Three top negotiation strategies for brokers

Three top negotiation strategies for brokers | Insurance Business New Zealand

Three top negotiation strategies for brokers

When Julia Ewert (pictured above) talked about “showing up and throwing up” even a hardened Insurance Business journalist flinched a little at the thought.

However, Ewert coined the term to explain a useful negotiation tip. The Perth-based professional negotiator started her own business teaching sales and negotiation best practice seven years ago. Ewert said insurance brokers tend to have specific weaknesses when it comes to negotiating.

“Yes, absolutely, there are three things,” said Ewert, who said she has “loads of clients in the insurance space.”

She said these weaknesses crop up when brokers are looking to enlist new clients and when they are selling new insurance products.

“Firstly, they struggle to identify what their point of difference is compared to someone else,” said Ewert.

She said, in her experience, when brokers pitch their services they tend to talk about the same things.

“They say, ‘We give great customer service,’ and, ‘We have access to this many underwriters,’ and, ‘We have a great claims team.’ They speak very generically so they struggle to articulate their point of difference,” said Ewert.

The second weakness she’s noticed with many brokers is the ‘show up and throw up’.

“So the ‘show up and throw up’ is when they get someone who says they are looking to change their insurance, the broker meets with them and just vomits all their technical information all over this potential client,” she said.

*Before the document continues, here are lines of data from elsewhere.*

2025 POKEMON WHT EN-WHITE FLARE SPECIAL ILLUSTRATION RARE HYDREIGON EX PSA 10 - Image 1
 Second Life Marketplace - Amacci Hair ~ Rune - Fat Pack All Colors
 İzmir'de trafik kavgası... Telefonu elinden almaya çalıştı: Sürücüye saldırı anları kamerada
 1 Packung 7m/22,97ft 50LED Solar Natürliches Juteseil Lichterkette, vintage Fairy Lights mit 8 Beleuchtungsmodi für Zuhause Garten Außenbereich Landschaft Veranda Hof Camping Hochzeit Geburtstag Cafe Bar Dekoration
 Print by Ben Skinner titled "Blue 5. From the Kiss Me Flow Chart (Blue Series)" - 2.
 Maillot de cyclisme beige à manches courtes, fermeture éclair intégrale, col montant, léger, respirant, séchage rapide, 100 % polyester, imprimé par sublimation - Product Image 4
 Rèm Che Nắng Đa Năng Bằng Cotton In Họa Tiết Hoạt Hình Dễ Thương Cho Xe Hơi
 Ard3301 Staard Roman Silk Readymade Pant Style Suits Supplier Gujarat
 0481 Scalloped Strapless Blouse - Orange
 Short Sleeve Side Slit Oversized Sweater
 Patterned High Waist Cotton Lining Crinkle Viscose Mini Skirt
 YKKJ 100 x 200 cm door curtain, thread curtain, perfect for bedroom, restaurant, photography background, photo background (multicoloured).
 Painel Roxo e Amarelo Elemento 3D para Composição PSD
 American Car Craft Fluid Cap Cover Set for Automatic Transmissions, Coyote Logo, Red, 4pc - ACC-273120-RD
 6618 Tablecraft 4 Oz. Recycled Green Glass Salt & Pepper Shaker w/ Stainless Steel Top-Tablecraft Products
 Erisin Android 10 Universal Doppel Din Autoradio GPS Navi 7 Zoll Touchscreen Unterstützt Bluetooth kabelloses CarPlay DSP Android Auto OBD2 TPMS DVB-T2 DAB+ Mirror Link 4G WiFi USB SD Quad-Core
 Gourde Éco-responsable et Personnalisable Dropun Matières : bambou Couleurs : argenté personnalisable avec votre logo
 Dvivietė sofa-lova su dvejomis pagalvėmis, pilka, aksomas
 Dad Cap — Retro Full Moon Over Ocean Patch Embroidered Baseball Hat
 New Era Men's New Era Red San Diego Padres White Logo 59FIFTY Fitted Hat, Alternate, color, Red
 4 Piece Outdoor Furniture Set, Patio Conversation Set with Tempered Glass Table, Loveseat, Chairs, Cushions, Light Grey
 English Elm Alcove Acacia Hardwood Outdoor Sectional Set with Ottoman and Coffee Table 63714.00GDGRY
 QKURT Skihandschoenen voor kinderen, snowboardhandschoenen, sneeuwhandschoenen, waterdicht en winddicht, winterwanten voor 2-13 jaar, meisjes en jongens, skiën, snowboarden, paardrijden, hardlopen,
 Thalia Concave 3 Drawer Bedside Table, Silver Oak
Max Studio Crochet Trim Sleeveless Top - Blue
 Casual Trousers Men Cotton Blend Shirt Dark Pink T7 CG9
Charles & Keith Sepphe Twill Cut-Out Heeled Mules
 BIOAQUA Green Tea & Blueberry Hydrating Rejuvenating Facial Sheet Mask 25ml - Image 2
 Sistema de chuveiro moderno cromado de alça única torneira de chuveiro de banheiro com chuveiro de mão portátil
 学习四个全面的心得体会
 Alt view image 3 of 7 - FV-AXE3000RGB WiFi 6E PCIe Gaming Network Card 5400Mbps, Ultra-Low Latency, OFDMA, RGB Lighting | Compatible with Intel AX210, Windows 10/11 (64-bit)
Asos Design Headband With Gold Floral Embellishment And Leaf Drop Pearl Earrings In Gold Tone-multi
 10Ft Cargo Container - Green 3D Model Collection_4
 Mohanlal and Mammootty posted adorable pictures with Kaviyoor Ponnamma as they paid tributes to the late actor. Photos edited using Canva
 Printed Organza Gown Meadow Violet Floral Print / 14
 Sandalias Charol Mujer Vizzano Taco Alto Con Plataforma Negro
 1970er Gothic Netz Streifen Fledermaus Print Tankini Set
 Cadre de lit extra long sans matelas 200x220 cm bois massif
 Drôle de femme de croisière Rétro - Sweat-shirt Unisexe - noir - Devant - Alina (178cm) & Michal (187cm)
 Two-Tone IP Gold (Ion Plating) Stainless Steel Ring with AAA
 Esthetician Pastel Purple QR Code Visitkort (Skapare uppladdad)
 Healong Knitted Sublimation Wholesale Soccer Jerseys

Ewert said the research in this area demonstrates that ‘show up and throw up’ actually gets people offside.

“It’s too much data for them to sift through to make an easy decision and it makes them hard to buy from,” she said.

The third Achilles heel in the broker’s negotiation strategy can be failing to take the time to understand what their customer is trying to achieve.

“Especially if we’re talking about business insurance - we know that this is necessary. However, people kick the can down the road and wait to the last minute to sort it out,” said Ewert.

Proactive conversations around this topic area early on, she said, can help brokers bring in more clients and contracts.

The other interesting observation Ewert made about brokers is that despite the perceived importance of confident conversational skills in this relationship driven business, being an extrovert may not be an advantage.

“People often misunderstand negotiation skills and they suggest that to be good at it or to convert more contracts in sales you need to be extroverted and have all the information,” she said.

However, Ewert said often introverted brokers are much more successful in business than extroverts.

“An introverted broker is more likely to listen, they are less likely to make themselves the hero of the conversation and they’re more likely to connect with that prospective customer,” she said.

Ewert has worked in sales leadership roles for companies like Stockland and Vodafone. In an earlier Insurance Business interview she explained how insurance brokers can learn a lot from the negotiation techniques used by the FBI (Federal Bureau of Investigation). Ewart said she attends FBI training sessions every week to hone her own skills.

“FBI negotiators are using very fine-tuned interpersonal people skills,” she said. “The same skills that the FBI are using when they’re talking to hostage takers and terrorists are the same skills that we can use in business as insurance brokers to convert more contracts, increase our margins and win more negotiations,” she added.

Ewert gave some examples but warned beforehand that while the notion of adopting FBI skills in insurance broking might sound very exciting, “it’s very underwhelming because these are skills we all have hiding in plain sight,” she said.

Ewert said it’s key for brokers trying to connect with potential customers to find things in common. She said if a potential customer finds the broker likeable, they’re more likely to do business with them.

“If you don’t like me, the research tells us that you’ll go out of your way to look for disagreement in everything that I say. So it’s not dissimilar to what some of the FBI teams are doing: their job is to connect, find something in common and build trust with the hostage taker,” she said.